::: PROVIDED RECORDS

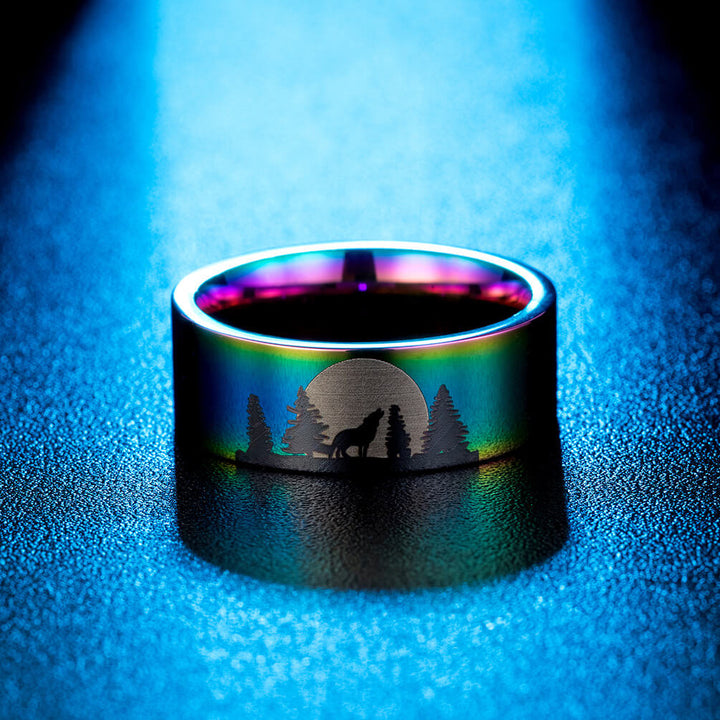 Solitary Wolf in Moonlight Ring Bands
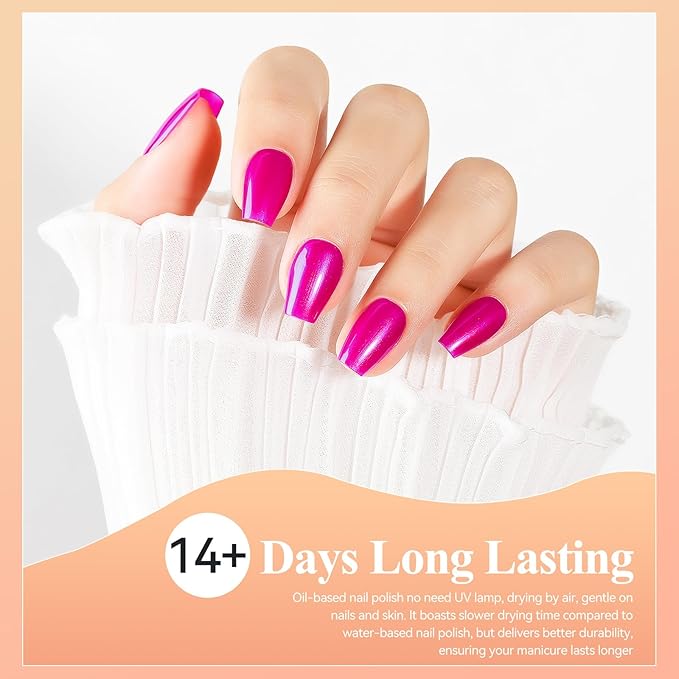 Nail Polish Quick Dry, Hot Pink Nail Lacquer Nail Art Polish Non-Gel Air Fast Drying, Shimmer Pink Nail Pigment High Coverage Fingernail Concealer Polish for Valentine's Day Gift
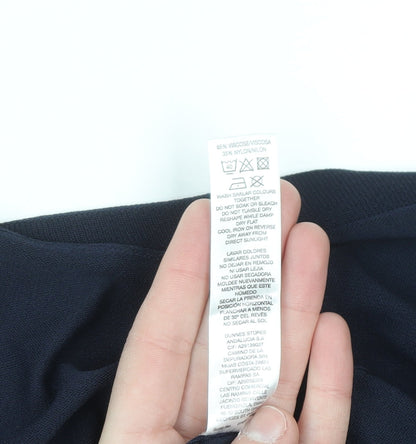 Brand and care label for Gallery Women's Blue Boat Neck Long Sleeve jumper, size M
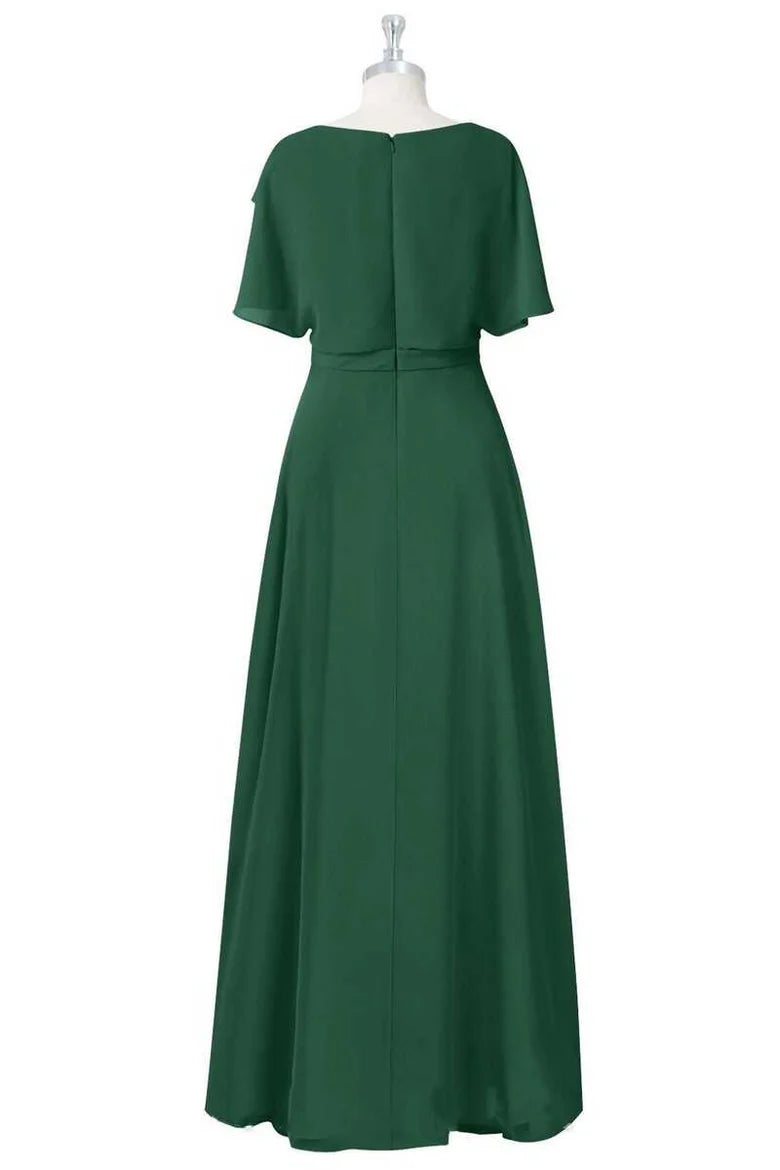 Crew Neck Short Sleeve Ruffled A-Line Bridesmaid Dress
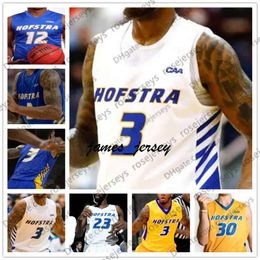 Jam Custom Hofstra Pride Basketball Elk naamnummer Blue White Yellow 3 Justin Wright-Foreman 1 Matija Radovic 4 Buie Men Jeugd Kid NCAA Jersey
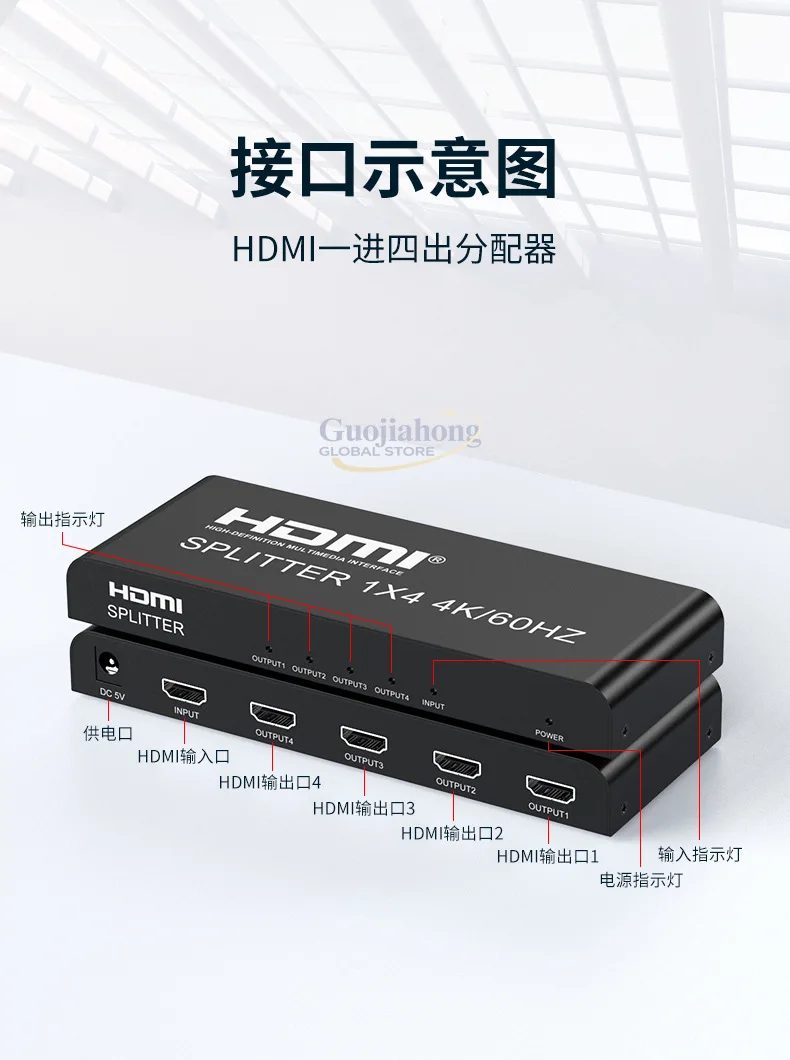 2.0v 4K60Hz high definition 1x4   splirrer, one-to-four simultaneous display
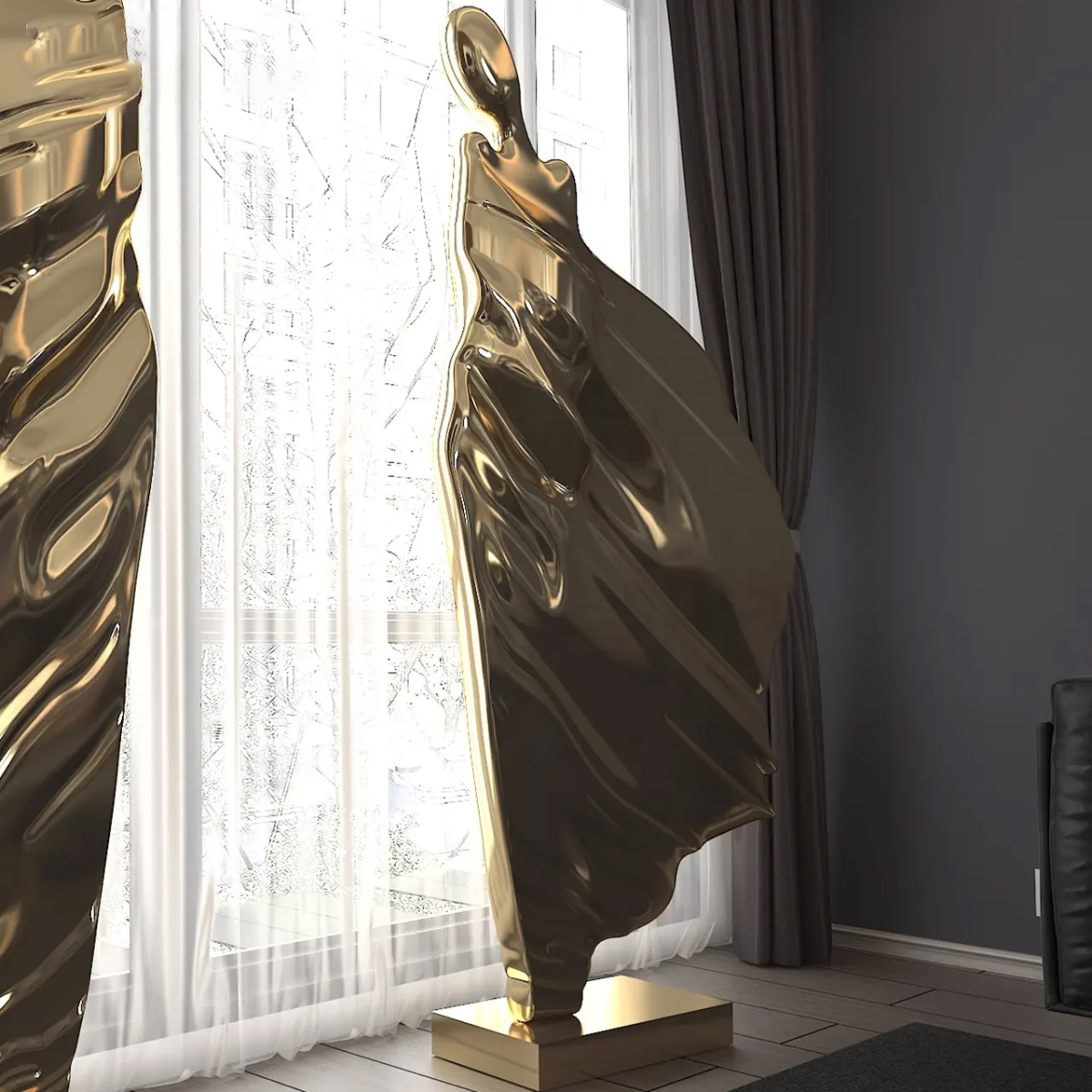 stainless steel Sculpture Female Figure with dynamic form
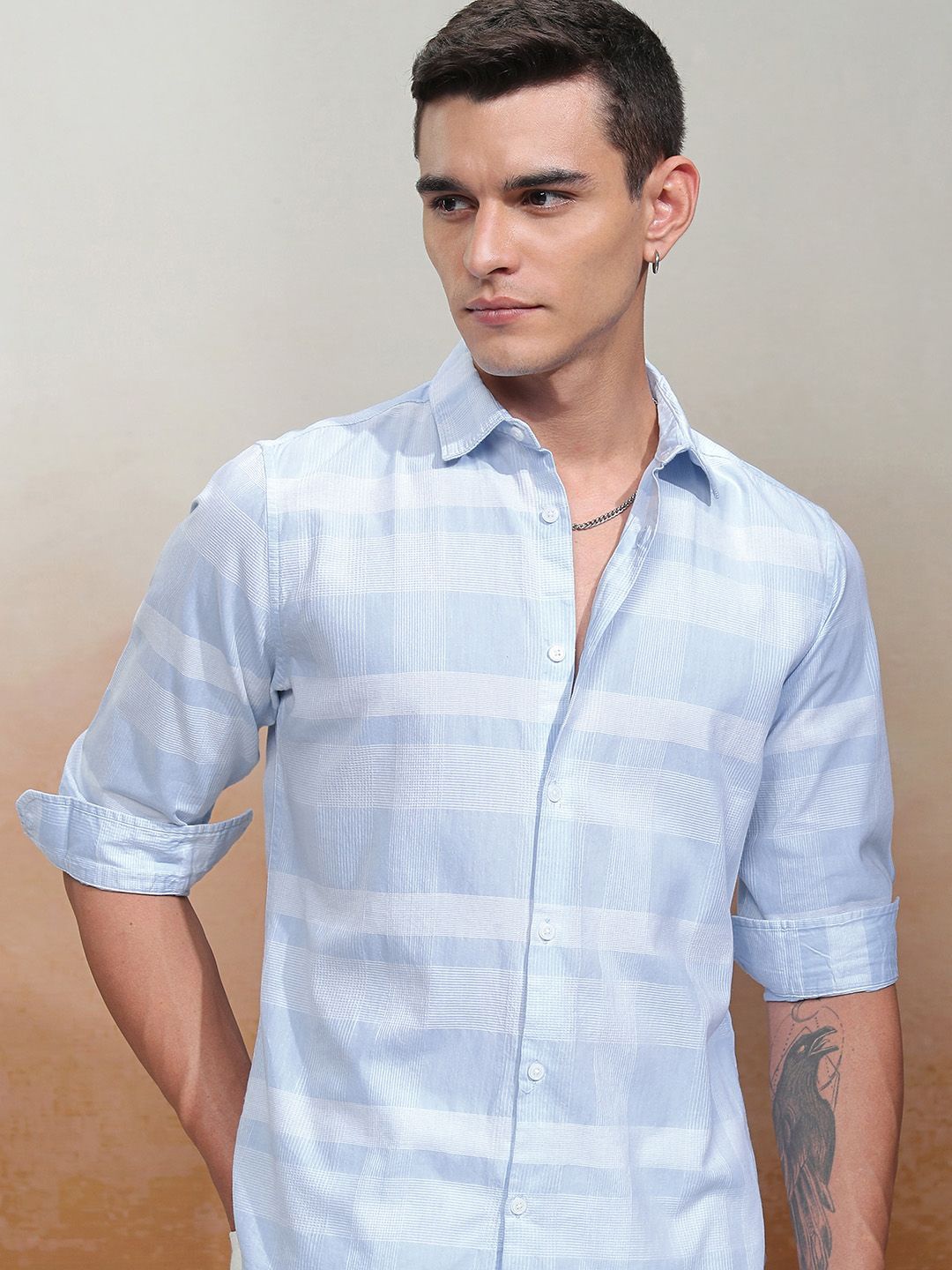 

HIGHLANDER Men Dobby Textured Checked Regular Fit Shirt, Blue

::::::

### WHAT NEEDS TO BE DONE
Every line of the material must be repeated exactly; pictures stay out.

### EXERCISE SOLUTION
 Solitary Wolf in Moonlight Ring Bands
 Nail Polish Quick Dry, Hot Pink Nail Lacquer Nail Art Polish Non-Gel Air Fast Drying, Shimmer Pink Nail Pigment High Coverage Fingernail Concealer Polish for Valentine's Day Gift
 Brand and care label for Gallery Women's Blue Boat Neck Long Sleeve jumper, size M
 Crew Neck Short Sleeve Ruffled A-Line Bridesmaid Dress
 Jam Custom Hofstra Pride Basketball Elk naamnummer Blue White Yellow 3 Justin Wright-Foreman 1 Matija Radovic 4 Buie Men Jeugd Kid NCAA Jersey
 2.0v 4K60Hz high definition 1x4   splirrer, one-to-four simultaneous display
 stainless steel Sculpture Female Figure with dynamic form

HIGHLANDER Men Dobby Textured Checked Regular Fit Shirt, Blue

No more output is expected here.